Увидев взволнованное лицо сестры, Эйхенвальд испугался:

– С Петей плохо?

– Нет, спал хорошо и ни на что не жаловался. Но утром пришло письмо из-за границы, кажется из Швеции... И стал как туча мрачен. Пойди к нему...

Действительно, на столе перед Лебедевым лежал солидный, обклеенный цветными марками конверт. Эйхенвальд повертел его в руках. На конверте был гриф учреждения, хорошо известного ему. Да и не только ему, но и всем физикам мира.

– Что господин Аррениус? Зовет в Стокгольм?

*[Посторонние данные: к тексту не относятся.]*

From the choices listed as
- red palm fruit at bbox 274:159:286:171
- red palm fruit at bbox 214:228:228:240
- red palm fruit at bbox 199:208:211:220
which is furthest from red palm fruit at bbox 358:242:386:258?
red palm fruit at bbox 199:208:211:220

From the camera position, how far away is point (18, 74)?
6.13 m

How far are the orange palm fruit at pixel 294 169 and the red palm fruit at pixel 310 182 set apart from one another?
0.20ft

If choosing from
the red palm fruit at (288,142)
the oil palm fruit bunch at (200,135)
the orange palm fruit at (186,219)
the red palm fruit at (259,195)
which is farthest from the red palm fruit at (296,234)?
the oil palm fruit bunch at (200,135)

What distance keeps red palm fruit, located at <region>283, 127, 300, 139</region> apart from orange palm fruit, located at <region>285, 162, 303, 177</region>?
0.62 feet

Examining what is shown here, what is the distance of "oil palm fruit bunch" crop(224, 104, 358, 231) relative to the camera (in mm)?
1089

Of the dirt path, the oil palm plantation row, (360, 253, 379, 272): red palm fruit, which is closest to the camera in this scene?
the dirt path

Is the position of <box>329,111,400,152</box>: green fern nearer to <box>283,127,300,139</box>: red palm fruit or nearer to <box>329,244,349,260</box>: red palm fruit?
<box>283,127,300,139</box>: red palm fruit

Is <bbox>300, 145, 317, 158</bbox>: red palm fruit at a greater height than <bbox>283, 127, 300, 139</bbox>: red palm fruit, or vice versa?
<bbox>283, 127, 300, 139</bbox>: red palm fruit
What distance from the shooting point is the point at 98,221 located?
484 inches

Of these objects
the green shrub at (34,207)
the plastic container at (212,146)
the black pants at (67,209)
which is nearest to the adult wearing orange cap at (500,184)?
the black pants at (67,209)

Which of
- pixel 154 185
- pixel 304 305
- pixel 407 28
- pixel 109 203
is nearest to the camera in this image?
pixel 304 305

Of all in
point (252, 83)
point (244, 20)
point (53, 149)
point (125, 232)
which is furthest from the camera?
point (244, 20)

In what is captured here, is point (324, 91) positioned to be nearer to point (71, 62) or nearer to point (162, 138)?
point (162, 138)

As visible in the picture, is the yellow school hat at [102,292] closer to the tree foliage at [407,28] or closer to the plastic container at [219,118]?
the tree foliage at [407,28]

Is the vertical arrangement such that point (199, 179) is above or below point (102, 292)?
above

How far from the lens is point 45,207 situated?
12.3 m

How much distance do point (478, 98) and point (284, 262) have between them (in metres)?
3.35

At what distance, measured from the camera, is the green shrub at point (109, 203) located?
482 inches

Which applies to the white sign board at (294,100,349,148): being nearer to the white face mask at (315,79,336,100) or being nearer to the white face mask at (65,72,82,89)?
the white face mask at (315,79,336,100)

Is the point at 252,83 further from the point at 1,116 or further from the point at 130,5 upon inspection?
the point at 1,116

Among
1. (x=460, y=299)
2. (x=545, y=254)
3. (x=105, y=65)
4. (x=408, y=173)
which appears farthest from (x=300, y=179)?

– Ага. Поздравляет с Лондонским, королевским... Соболезнует. Удивляется. Возмущается. И зовет в свой институт. Предлагает полную свободу в тематике, самое современное оборудование... Любое количество ассистентов и лаборантов. Могу забрать своих учеников из России. Опять же Нобелевский комитет рядом... Словом, ему обещает полмира, а Францию только себе... Да прочти!

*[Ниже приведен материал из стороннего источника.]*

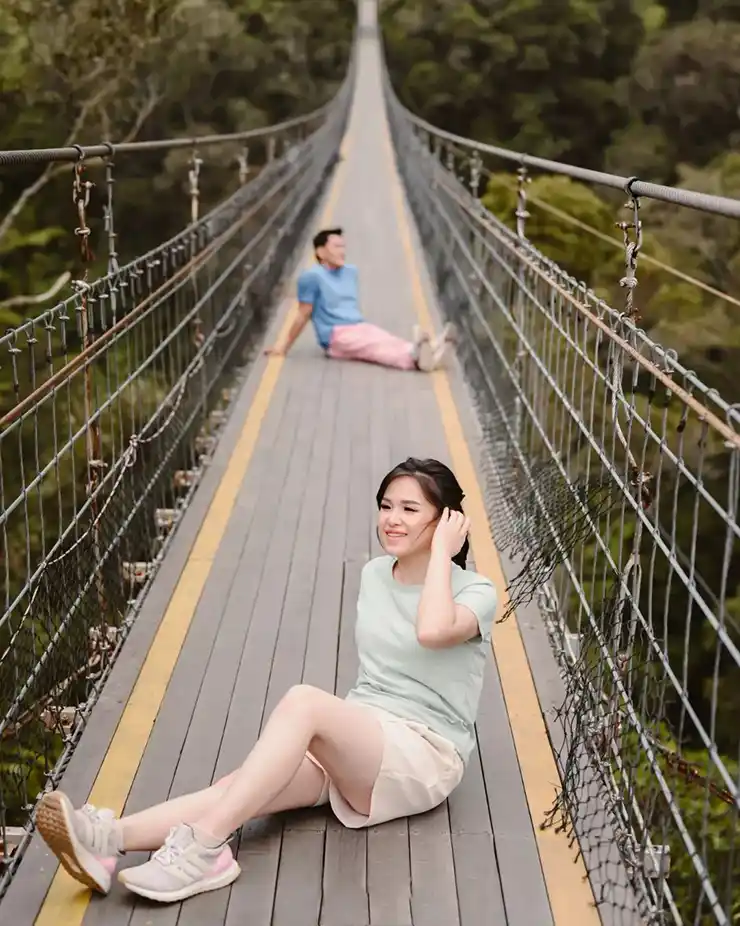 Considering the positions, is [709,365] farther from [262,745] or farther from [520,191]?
[262,745]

Эйхенвальд не спеша пробежал письмо директора физико-химической лаборатории Нобелевского института. Он снова перечитал конец письма: «Естественно, что для Нобелевского института было бы большой честью, если бы Вы пожелали там устроиться и работать, и мы, без сомнения, предоставили бы Вам все необходимые средства, чтобы Вы имели возможность дальше работать... Вы, разумеется, получили бы совершенно свободное положение, как это соответствует Вашему рангу в науке...»

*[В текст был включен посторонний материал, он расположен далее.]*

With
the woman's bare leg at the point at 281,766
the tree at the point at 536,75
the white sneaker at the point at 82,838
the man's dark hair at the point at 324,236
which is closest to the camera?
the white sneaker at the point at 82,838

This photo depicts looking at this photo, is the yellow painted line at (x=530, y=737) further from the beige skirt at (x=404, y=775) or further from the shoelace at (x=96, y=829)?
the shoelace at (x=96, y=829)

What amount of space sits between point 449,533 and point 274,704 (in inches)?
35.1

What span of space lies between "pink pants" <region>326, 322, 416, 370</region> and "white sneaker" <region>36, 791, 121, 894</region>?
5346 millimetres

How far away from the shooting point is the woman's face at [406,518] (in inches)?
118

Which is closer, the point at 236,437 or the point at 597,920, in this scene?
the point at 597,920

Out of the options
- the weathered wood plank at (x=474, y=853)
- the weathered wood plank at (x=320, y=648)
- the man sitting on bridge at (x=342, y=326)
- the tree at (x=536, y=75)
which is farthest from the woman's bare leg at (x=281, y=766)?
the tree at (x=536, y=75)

Эйхенвальд вложил письмо назад в роскошный хрустящий конверт.

– Ну, чего ж ты в мрачность впал? Нобелевский институт – лучший в мире по оборудованию и научной свободе. В Америке есть неплохие институты и лаборатории, но все же там надобно работать с пользой для хозяев, а институт Аррениуса действительно свободен, занимается только чисто научными проблемами. Самая высокая марка... Так чем же ты недоволен? Не любишь, когда тебя покупают? Да?

– Не люблю.

– Да. Противновато.

– Сижу и обдумываю, как бы ему написать повежливее, чтобы не проскользнуло что-нибудь в стиле московских ломовиков...

– Хо-хо-хо!.. За что это беднягу Аррениуса?

– Да, он не виноват, конечно. И письмо написал вполне искреннее. Но меня в бешенство приводит этот оттенок пренебрежения к России. Дескать, что вы в этой дикой стране можете делать? И зачем вам возиться с вашими дикими начальниками, диким народом?.. Прихожу в бешенство оттого, что это почти правда. И оттого, что не могу я этому цивилизованному, сверхкультурному Аррениусу объяснить, что эта дикая страна – моя! И никакой другой мне не нужно ни за какие блага! И не могу я ее оставить, когда она глубоко несчастлива... И не могу я свободно и приятственно заниматься в Стокгольме физикой, когда я знаю, что в Москве Тихомиров выгоняет из университета самых способных, умных, талантливых... Я не в состоянии объяснить Аррениусу, что у него меня бы заел стыд! Самый обыкновенный стыд!.. Когда я думаю, что в Кембридж, Манчестер, Копенгаген Стокгольм приезжают самые способные физики со всех стран мира, свободно и весело там работают, спорят, выясняют истину, а у нас не только чужих не привечают – своих гонят в шею!.. Видел я на международных конгрессах, как восторженно встречали Столетова... К Николаю Алексеевичу Умову относятся с огромным почтением... И как они считают, твой покорный слуга тоже не у бога теленка съел... А когда-нибудь приезжали к нам из-за границы учиться молодые физики? Да это и в голову никому не приходило! Вот второй час сижу над письмом Аррениуса и готов головой биться об стол от стыда и горя!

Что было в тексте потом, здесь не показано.